##### Data segment #####

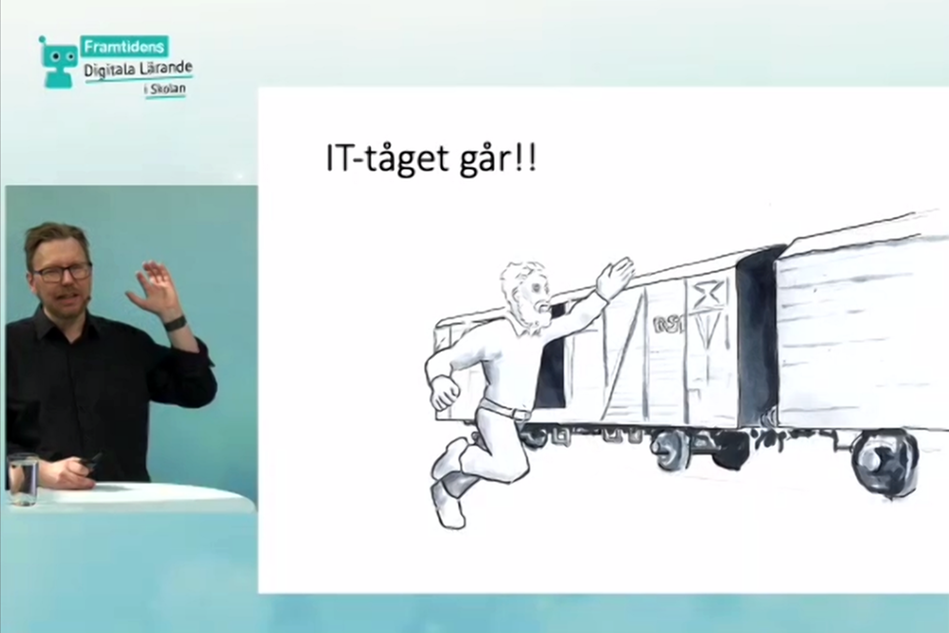 Till vänster man som gestikulerar i liten bild, till höger en stor presentationsbild på en tecknad man som springer efter ett tåg, IT-tåget.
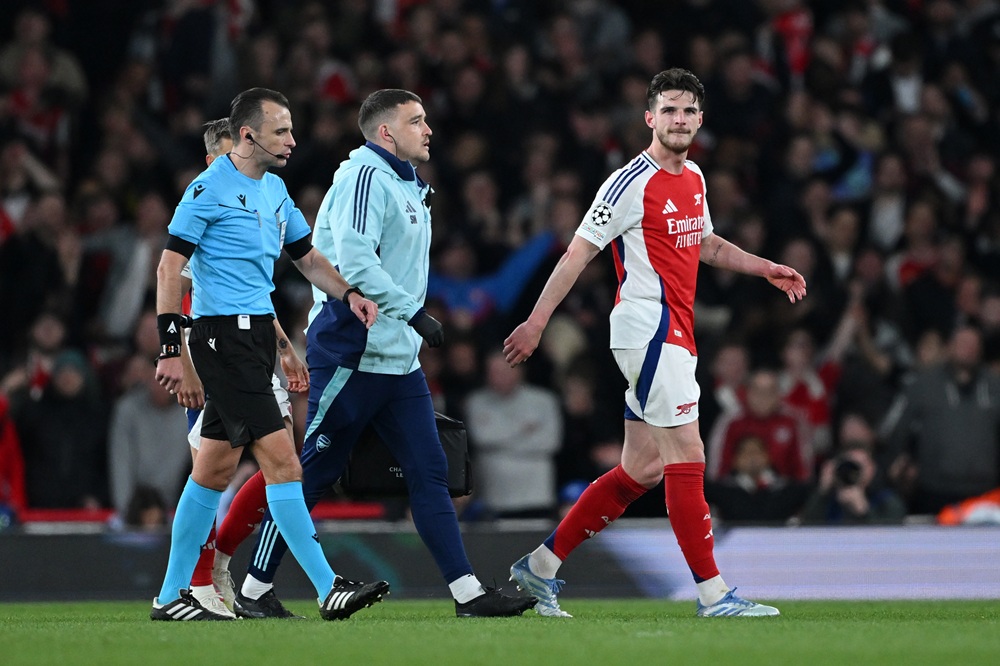 Arsenal player makes Champions League Team of the Season 2 LONDON, ENGLAND: Match Referee Irfan Peljto looks on as Declan Rice of Arsenal leaves the pitch with Simon Murphy, Physio of Arsenal, as he is substituted during the UEFA Champions League 2024/25 Quarter Final First Leg match between Arsenal FC and Real Madrid C.F. at Emirates Stadium on April 08, 2025. (Photo by Shaun Botterill/Getty Images)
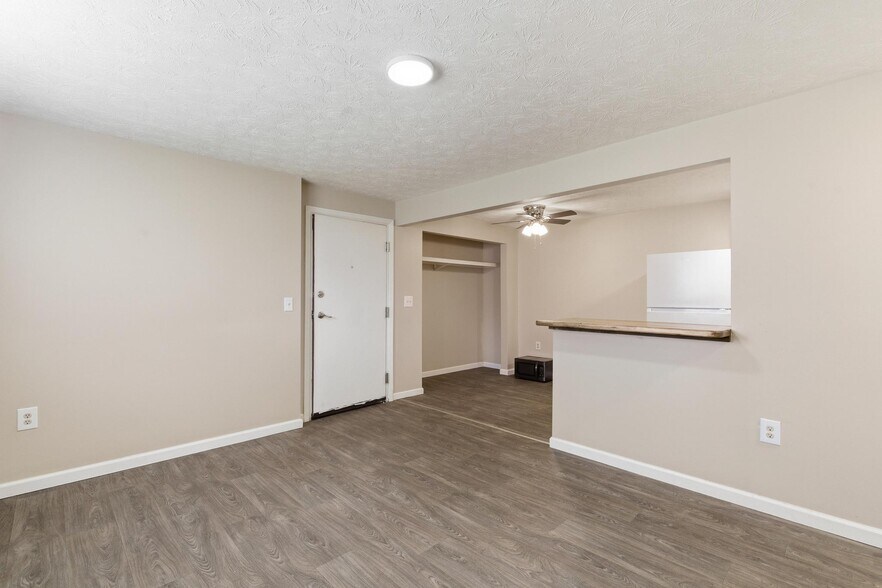 More Photos Of 1631 Jackson Ln, Middletown Multifamily For Sale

#####

▶ [What you are asked to do]: Ignoring the pictures, write out word for word only the lines from the one containing "Arsenal player makes" through the last line of the data, both ends included.

▶ [Solution below]:
 Arsenal player makes Champions League Team of the Season 2 LONDON, ENGLAND: Match Referee Irfan Peljto looks on as Declan Rice of Arsenal leaves the pitch with Simon Murphy, Physio of Arsenal, as he is substituted during the UEFA Champions League 2024/25 Quarter Final First Leg match between Arsenal FC and Real Madrid C.F. at Emirates Stadium on April 08, 2025. (Photo by Shaun Botterill/Getty Images)
 More Photos Of 1631 Jackson Ln, Middletown Multifamily For Sale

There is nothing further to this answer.